Requirement: Once you reach the line containing "2024重庆火锅博览会参展品牌有哪些？(图1)" in the entries below, write out that line and each one after it down to the line containing "Taimashi Kaguya 2", exactly and with nothing added.

(Crawled caption data)
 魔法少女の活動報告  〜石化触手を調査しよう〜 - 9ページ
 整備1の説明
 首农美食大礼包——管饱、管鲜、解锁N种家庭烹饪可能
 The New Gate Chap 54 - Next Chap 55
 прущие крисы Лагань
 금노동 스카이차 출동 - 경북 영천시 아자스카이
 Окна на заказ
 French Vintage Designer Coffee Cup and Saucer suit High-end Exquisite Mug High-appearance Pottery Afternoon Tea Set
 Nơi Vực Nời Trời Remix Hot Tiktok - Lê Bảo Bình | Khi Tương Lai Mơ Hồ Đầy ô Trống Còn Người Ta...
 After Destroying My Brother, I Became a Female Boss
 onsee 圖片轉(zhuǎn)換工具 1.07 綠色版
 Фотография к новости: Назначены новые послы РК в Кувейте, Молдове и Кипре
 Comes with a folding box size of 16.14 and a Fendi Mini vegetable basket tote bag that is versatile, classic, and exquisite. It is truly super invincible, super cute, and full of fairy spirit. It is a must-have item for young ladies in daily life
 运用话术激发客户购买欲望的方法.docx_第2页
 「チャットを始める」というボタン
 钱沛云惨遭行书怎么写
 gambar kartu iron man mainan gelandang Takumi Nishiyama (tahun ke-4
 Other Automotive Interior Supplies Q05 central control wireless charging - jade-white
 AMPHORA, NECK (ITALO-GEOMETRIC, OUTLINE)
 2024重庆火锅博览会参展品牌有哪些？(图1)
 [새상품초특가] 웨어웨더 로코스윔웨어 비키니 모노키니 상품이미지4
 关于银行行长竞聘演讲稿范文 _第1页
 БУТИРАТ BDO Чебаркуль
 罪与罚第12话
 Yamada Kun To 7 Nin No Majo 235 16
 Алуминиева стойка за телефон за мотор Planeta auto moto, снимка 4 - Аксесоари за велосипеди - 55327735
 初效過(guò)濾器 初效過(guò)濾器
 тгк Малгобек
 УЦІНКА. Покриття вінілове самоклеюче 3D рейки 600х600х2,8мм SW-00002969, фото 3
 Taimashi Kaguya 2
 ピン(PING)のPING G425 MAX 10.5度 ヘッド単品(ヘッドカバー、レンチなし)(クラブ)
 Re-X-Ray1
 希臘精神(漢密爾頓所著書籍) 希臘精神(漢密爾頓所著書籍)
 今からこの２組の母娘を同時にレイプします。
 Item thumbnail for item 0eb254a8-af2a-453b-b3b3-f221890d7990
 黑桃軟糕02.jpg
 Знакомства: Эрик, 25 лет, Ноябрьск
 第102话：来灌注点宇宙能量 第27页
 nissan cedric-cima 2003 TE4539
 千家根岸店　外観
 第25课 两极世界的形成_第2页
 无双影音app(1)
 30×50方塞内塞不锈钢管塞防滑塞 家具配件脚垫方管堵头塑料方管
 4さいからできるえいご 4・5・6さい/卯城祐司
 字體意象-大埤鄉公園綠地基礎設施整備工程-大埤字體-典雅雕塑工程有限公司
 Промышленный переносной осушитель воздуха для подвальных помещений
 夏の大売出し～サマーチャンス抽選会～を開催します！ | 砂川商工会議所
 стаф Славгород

Exercise solution:
 2024重庆火锅博览会参展品牌有哪些？(图1)
 [새상품초특가] 웨어웨더 로코스윔웨어 비키니 모노키니 상품이미지4
 关于银行行长竞聘演讲稿范文 _第1页
 БУТИРАТ BDO Чебаркуль
 罪与罚第12话
 Yamada Kun To 7 Nin No Majo 235 16
 Алуминиева стойка за телефон за мотор Planeta auto moto, снимка 4 - Аксесоари за велосипеди - 55327735
 初效過(guò)濾器 初效過(guò)濾器
 тгк Малгобек
 УЦІНКА. Покриття вінілове самоклеюче 3D рейки 600х600х2,8мм SW-00002969, фото 3
 Taimashi Kaguya 2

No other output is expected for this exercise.